The Big Question – When Should You Start Drawing Benefits?
The table below was taken from the Social Security Administration website. The table shows the percentage of your expected PIA that you will receive monthly, dependent on the age at which you choose to begin drawing benefits.
As shown in the table below, depending on the year you were born, every year you delay receiving your benefits between ages 62 and 70 increases your monthly benefits payout from 3 percent to 8 percent annually. Most importantly for the 50 – 70 year olds for whom this book is written, your monthly benefit payout will increase on average by 7.41 percent annually for every year you wait to start receiving benefits after you turn 62. Between ages 67 and 70, monthly benefits increase annually by an amount equal to 8 percent of the Normal Retirement Age PIA (Primary Insurance Amount).
If you wait until you are 70 to begin drawing benefits, your monthly benefit amounts will be about 77 percent higher than if you had started receiving benefits at age 62. On the other hand, you will have foregone receiving anything for the eight intervening years.

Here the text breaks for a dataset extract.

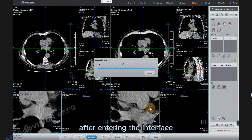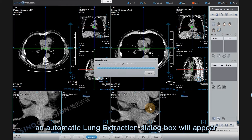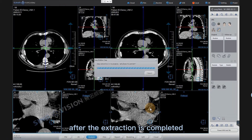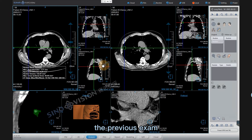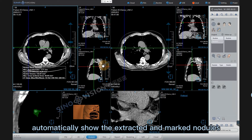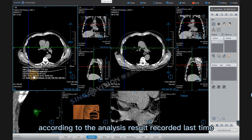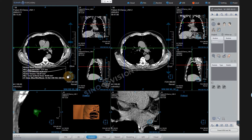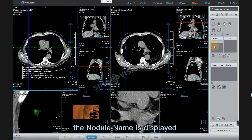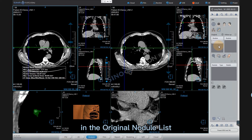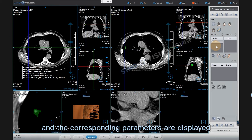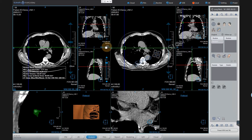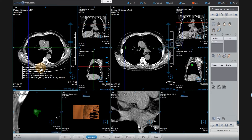After entering the interface, an automatic lung extraction dialog box will appear. After extraction is completed, the previous exam automatically shows the extracted and marked nodules according to the analysis result recorded last time. The nodule name is displayed in the original nodule list, and the corresponding parameters are displayed in the axial image viewport, such as nodule name, diameter, volume, CT value, etc.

It is, of course, a gamble of sorts. There will be a break-even point, beyond which it will have been better for you to have waited. This age is around 80, but can be influenced by spousal issues and potential lump sum distributions.
People who claim benefits at age 62 get reduced payments over a longer number of years, while those who start benefits at 70 get much larger payments later on in retirement. When you reach the break-even age, the cumulative lifetime benefit amounts received under the two start-date scenarios will converge and become equal; if you live beyond that point, you will come out ahead by having delayed claiming benefits.

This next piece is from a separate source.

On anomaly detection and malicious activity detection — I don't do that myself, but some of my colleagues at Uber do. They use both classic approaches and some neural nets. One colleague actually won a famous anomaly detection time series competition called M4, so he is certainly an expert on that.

The question you need to ponder is what worries you more: the prospect that you could die early without having elected to take lower benefit payments to which you were otherwise entitled in the interim, or living beyond the breakeven point and ending up claiming far lower monthly benefits payments than you could have received later in life because you started drawing them too early? Break-even analysis influences many people to claim benefits earlier or later than they otherwise might have, because they know their family’s history and their own health and living habits. Give serious consideration to your life expectancy. Take into account family history, your eating and exercise habits, your current health, whether you smoke, drink alcohol in excess, use drugs, and other factors.

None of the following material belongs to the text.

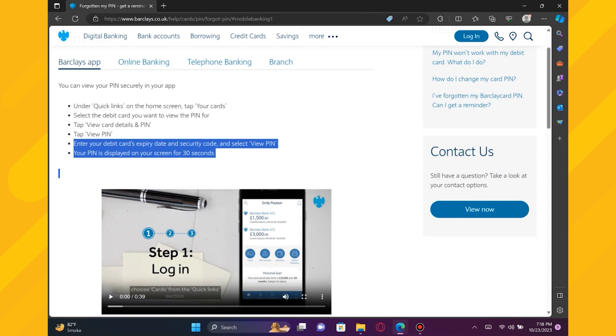Some banks send periodic PIN reminder letters to your registered address, which may include a reminder of your existing PIN. This is typically for security purposes.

Also consider how long you plan to work, and what retirement assets you will have to draw upon. Since you effectively get a 7.41 percent boost in your monthly benefit for every year you wait to draw Social Security between 62 and your full retirement age, pulling from an IRA or other retirement account might be a wiser course than drawing Social Security early; those retirement accounts are not guaranteed to grow 7.41 percent per year.
You may not have the ability to be as strategic. If you suffer a job loss after age 62, are unable to keep up with the physical demands of your job, or your family is struggling with unemployment, high medical bills, or other unexpected expenses, you may have no choice but to apply for your Social Security benefits in order to meet your living expenses.
It will likely make sense to withdraw before the age of 70 if you have a serious health issue. If you can no longer work because of illness, or do not expect to live very long, you should probably draw at the earliest point you can.
If you have/had a physically demanding job, you may not be able to do that particular job anymore, but are not considered disabled because you can do other kinds of work. For individuals who are otherwise in good health, seeking a new job at 62 may make sense. Others might be better off drawing Social Security. You need to consider your situation, what you are capable of doing, what other resources you have, and make the right decision for you.